| What is expected |
Set down exactly the lines below, starting at the one that contains "Колодки тормозные дисковые" and ending at the one that contains "Versace HOMBRE La", with both of those lines included and nothing else.

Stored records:

--*--

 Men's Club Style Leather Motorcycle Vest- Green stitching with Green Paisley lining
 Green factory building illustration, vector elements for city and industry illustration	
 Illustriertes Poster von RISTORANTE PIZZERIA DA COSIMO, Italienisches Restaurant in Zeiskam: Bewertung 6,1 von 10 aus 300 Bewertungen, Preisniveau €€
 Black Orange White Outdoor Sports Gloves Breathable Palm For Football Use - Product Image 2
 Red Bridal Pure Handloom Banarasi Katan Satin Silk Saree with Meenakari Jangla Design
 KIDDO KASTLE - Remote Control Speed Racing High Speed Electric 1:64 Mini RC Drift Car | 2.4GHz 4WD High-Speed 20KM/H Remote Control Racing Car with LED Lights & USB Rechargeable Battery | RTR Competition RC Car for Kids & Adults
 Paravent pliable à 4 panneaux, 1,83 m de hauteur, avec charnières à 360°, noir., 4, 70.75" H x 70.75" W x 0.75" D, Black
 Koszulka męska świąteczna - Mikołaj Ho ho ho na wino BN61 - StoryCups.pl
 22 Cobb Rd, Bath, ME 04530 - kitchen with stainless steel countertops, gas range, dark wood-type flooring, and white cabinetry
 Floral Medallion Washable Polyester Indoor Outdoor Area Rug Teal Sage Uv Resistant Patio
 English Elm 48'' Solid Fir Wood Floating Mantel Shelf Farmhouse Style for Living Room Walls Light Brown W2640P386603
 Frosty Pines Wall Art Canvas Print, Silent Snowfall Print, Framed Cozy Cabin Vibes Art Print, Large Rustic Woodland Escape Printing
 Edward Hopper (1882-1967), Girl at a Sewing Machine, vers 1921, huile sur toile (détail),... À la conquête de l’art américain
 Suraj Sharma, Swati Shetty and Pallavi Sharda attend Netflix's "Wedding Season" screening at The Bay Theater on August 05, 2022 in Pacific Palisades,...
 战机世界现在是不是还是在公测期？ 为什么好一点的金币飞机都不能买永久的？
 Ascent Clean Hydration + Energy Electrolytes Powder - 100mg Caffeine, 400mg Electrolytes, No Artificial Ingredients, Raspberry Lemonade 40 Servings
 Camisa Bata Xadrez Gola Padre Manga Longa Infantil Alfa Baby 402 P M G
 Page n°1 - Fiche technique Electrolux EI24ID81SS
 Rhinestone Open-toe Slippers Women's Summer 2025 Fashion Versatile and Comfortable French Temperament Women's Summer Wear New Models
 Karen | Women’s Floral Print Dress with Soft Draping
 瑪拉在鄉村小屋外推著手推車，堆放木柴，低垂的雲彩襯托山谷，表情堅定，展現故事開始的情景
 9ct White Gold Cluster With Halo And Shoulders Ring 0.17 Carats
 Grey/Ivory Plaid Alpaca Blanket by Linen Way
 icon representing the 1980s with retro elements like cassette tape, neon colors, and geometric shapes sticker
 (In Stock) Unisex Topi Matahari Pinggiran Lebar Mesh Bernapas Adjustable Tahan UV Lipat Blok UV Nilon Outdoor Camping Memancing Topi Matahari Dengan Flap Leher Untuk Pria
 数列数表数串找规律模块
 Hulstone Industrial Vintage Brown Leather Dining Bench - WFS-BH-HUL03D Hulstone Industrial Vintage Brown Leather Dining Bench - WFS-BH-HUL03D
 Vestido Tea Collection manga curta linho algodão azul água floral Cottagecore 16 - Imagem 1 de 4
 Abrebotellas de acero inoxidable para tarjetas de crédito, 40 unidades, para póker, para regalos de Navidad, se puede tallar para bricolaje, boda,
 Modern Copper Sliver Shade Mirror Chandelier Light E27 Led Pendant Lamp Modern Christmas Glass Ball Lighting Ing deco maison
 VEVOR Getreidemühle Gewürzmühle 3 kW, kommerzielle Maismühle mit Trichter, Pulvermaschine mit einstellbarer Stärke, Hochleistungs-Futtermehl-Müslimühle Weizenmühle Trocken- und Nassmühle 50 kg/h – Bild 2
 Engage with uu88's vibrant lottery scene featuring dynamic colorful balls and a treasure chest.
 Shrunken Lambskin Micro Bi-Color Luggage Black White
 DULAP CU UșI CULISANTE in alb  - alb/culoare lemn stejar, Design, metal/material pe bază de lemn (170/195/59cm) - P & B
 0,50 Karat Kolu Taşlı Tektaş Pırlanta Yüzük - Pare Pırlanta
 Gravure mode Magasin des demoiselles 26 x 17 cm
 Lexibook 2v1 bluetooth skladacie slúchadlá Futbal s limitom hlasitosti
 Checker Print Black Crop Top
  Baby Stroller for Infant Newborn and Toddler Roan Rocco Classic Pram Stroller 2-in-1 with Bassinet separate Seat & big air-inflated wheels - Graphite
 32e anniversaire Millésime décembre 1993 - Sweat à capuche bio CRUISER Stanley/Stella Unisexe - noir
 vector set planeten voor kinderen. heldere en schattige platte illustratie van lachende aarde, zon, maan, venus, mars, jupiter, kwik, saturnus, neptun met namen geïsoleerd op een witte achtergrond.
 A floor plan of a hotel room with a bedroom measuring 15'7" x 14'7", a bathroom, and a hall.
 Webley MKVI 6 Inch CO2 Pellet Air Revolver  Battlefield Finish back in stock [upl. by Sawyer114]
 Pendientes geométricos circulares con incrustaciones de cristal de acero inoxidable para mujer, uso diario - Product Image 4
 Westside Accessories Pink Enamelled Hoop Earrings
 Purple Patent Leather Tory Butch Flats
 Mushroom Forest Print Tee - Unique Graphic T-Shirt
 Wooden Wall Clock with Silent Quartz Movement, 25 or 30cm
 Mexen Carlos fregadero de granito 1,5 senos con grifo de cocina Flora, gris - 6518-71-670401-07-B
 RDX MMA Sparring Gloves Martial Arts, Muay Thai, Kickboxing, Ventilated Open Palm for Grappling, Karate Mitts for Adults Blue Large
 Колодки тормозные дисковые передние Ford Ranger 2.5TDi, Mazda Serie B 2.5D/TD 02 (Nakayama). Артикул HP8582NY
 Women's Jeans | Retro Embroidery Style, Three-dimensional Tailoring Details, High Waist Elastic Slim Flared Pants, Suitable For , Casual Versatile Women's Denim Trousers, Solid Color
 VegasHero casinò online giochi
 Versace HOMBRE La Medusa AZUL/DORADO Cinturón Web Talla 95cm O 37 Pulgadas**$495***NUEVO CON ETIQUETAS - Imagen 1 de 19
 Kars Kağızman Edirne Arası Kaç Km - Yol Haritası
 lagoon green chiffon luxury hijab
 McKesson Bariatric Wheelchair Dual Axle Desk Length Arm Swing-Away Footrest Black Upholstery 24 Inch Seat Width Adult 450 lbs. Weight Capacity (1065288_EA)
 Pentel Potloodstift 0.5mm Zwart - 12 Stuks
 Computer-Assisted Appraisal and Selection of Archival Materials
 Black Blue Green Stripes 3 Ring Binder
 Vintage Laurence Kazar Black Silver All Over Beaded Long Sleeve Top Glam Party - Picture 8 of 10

--*--

| Response to this task |
 Колодки тормозные дисковые передние Ford Ranger 2.5TDi, Mazda Serie B 2.5D/TD 02 (Nakayama). Артикул HP8582NY
 Women's Jeans | Retro Embroidery Style, Three-dimensional Tailoring Details, High Waist Elastic Slim Flared Pants, Suitable For , Casual Versatile Women's Denim Trousers, Solid Color
 VegasHero casinò online giochi
 Versace HOMBRE La Medusa AZUL/DORADO Cinturón Web Talla 95cm O 37 Pulgadas**$495***NUEVO CON ETIQUETAS - Imagen 1 de 19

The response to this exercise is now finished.